When (Not If) Containers Misbehave

In my previous article, Fargate + Lambda are better together, I introduced the concept of a hybrid architecture where I can route traffic between ECS Fargate and Lambda based on real-time conditions.

The most common argument I know about is:

Why not just use containers for everything?

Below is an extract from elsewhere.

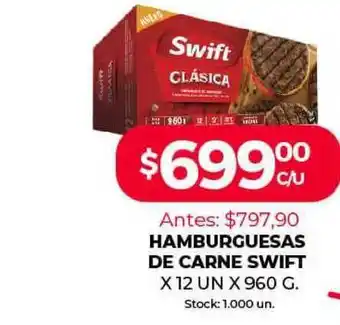 Supermercados Tadicor Swift Hamburguesas De Carne x 12un x 960g oferta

In this article, I try to explain why the "containers are cheaper" is an oversimplification.

The Hidden Cost Equation

Before I go into details, let's address the costs (hopefully I did the calculation correctly):

Assuming typical production capacity:

Daily capacity: ~2M requests/day per task
Monthly capacity: ~60M requests/month per task

Monthly Cost Comparison:

Monthly Requests	Tasks Needed	Lambda Cost	Fargate Cost	Winner
1M	1	$2,17	$56,92	Lambda 96% cheaper
10M	1	$21,67	$56,92	Lambda 62% cheaper
25M	1	$54,17	$56,92	Lambda 5% cheaper
50M	1	$108,33	$56,92	Fargate 47% cheaper
65M	2	$140,83	$113,84	Fargate 19% cheaper
100M	2	$216,67	$113,84	Fargate 47% cheaper
130M	3	$281,67	$170,76	Fargate 39% cheaper

Daily Cost Comparison:

Daily Requests	Tasks Needed	Lambda Cost	Fargate Cost	Winner
1M	1	$2,17	$1,90	Fargate 12% cheaper
10M	5	$21,67	$9,50	Fargate 56% cheaper
25M	12	$54,17	$22,80	Fargate 58% cheaper
50M	24	$108,33	$45,60	Fargate 58% cheaper
65M	31	$140,83	$58,90	Fargate 58% cheaper
100M	47	$216,67	$89,30	Fargate 59% cheaper
130M	61	$281,67	$115,90	Fargate 59% cheaper

The tables show that containers become cheaper around 50M requests/month or over 1M requests daily.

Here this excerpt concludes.